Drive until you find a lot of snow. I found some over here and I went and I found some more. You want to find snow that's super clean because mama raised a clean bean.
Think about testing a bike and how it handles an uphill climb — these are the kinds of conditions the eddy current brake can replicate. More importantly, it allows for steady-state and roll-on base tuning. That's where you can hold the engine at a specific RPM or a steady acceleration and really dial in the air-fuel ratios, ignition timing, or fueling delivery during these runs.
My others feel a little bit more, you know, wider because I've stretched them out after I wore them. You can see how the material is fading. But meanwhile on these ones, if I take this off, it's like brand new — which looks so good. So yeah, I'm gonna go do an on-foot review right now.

■ ■ ■ ■ ■ ■ ■

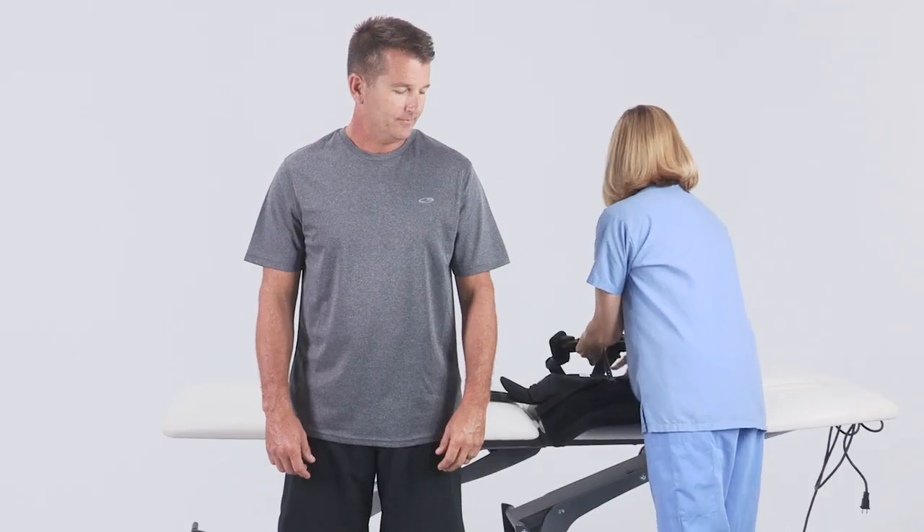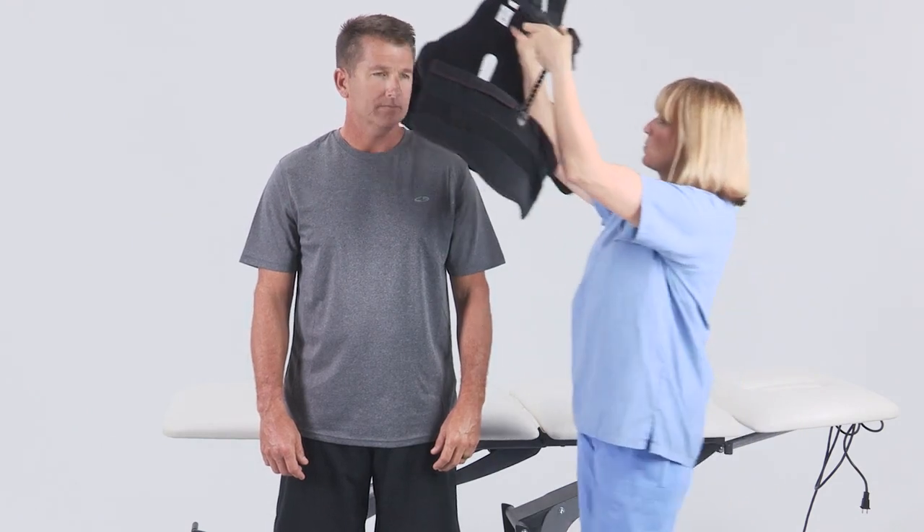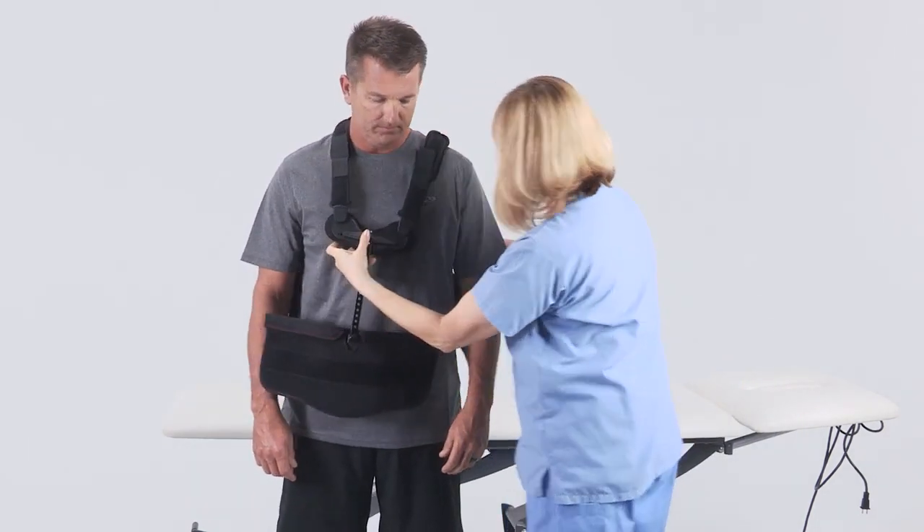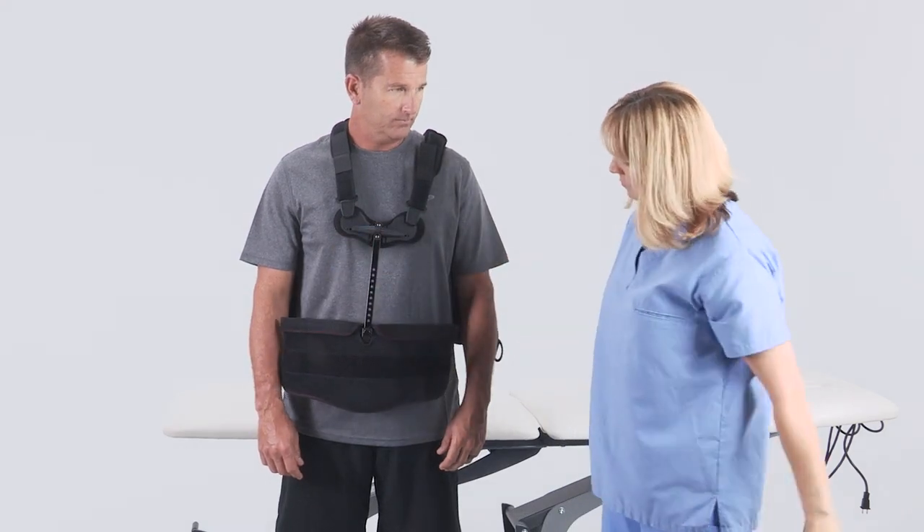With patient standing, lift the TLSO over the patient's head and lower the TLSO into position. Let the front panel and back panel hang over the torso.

■ ■ ■ ■ ■ ■ ■

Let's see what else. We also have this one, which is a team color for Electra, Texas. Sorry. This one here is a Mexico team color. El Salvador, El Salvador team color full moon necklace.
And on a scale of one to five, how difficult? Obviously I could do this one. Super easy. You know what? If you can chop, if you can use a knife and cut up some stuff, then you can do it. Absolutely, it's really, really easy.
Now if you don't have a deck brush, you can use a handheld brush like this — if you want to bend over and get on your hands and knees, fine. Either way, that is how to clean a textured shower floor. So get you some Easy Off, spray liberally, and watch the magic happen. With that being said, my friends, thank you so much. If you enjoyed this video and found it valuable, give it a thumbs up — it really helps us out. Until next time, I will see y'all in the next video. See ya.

■ ■ ■ ■ ■ ■ ■

**YOUR GOAL**
Reproduce the lines above, beginning at the line with "Drive until you" and stopping after the line with "My others feel", exactly as they are.

**RESULT OF THIS TASK**
Drive until you find a lot of snow. I found some over here and I went and I found some more. You want to find snow that's super clean because mama raised a clean bean.
Think about testing a bike and how it handles an uphill climb — these are the kinds of conditions the eddy current brake can replicate. More importantly, it allows for steady-state and roll-on base tuning. That's where you can hold the engine at a specific RPM or a steady acceleration and really dial in the air-fuel ratios, ignition timing, or fueling delivery during these runs.
My others feel a little bit more, you know, wider because I've stretched them out after I wore them. You can see how the material is fading. But meanwhile on these ones, if I take this off, it's like brand new — which looks so good. So yeah, I'm gonna go do an on-foot review right now.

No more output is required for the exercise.